As I took of the automatic block, it quickly became apparent that this was going to be a labour intensive job.
Thankfully, the dial side of the movement didn’t suffer as badly.
I then remove the calendar section. It still looks okay under there.
As I start to disassemble the automatic work, it is quickly seen that this area took the brunt of the water damage.
The automatic wheels removed.
The bridges and screws have certainly seen better days and are going to require extensive cleaning and rust removal.
The bridges removed.
General dirt and rust present on the mainplate.
After much manual cleaning, rust removal, polishing several ultrasonic baths and then running the watch through the cleaning machine I am happy with the result.

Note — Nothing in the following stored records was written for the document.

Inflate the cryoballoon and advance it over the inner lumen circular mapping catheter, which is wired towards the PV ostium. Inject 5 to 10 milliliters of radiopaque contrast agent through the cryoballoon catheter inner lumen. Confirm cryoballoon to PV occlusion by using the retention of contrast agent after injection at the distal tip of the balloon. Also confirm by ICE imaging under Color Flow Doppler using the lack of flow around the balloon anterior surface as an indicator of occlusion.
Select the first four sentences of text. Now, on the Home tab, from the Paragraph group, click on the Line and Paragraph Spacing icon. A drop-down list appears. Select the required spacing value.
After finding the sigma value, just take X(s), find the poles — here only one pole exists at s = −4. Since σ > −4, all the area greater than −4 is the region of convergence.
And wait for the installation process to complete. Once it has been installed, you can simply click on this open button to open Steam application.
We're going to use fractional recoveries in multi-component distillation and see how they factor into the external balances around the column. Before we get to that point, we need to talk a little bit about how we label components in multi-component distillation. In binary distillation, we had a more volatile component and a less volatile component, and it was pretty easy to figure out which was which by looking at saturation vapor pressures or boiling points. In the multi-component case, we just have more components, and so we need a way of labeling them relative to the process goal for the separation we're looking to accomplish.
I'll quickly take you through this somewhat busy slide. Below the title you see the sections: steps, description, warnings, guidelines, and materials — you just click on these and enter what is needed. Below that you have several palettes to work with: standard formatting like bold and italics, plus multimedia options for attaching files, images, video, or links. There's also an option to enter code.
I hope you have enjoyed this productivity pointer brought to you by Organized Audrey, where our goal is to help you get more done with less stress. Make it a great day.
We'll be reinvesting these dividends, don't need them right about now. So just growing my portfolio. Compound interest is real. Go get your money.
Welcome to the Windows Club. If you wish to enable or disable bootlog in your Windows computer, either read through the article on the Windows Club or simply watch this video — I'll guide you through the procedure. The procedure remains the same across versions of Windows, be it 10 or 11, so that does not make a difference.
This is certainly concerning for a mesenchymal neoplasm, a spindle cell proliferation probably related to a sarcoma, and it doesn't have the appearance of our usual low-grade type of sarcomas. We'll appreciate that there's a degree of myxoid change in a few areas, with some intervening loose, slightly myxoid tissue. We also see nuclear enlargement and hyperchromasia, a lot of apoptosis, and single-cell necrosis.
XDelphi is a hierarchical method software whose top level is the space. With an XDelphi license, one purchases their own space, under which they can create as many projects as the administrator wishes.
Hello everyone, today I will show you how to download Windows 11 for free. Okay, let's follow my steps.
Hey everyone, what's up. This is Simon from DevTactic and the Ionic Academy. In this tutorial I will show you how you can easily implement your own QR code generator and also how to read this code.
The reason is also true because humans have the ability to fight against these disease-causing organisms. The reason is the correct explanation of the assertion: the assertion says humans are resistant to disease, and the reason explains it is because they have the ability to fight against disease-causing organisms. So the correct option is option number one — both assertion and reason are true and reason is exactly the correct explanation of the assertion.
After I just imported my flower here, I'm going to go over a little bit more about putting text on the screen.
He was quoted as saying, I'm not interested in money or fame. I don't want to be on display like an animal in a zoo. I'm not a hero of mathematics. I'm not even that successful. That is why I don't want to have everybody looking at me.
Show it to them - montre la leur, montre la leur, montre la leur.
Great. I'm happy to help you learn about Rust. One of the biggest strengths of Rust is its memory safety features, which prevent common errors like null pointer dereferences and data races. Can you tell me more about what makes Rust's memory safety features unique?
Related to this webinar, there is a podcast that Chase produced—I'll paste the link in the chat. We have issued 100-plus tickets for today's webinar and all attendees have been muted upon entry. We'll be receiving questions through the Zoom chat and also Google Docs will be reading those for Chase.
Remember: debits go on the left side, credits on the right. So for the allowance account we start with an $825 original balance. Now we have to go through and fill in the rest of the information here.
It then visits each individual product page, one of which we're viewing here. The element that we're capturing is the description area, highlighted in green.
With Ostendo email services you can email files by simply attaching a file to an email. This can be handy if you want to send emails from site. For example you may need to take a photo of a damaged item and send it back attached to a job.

I then install the balance so I can make the needed balance spring adjustments.
The gear train is in place.
Then the barrel bridge. Note the vast contrast between before and after.
The pallet fork and balance is then installed.
Calendar work and dial side is complete.
I can then fit the dial and hands. Unfortunately, there isn’t anything I can do about the dial damage. But hey, that adds to the charm and individuality of the watch.
I can now fit the automatic work once the watch is in the case. Note the difference in the oscillating weight now. It has lost some of its luster, but saving it was the goal of this job.
The watch is now cased and ready for testing. This Datejust ticks once again!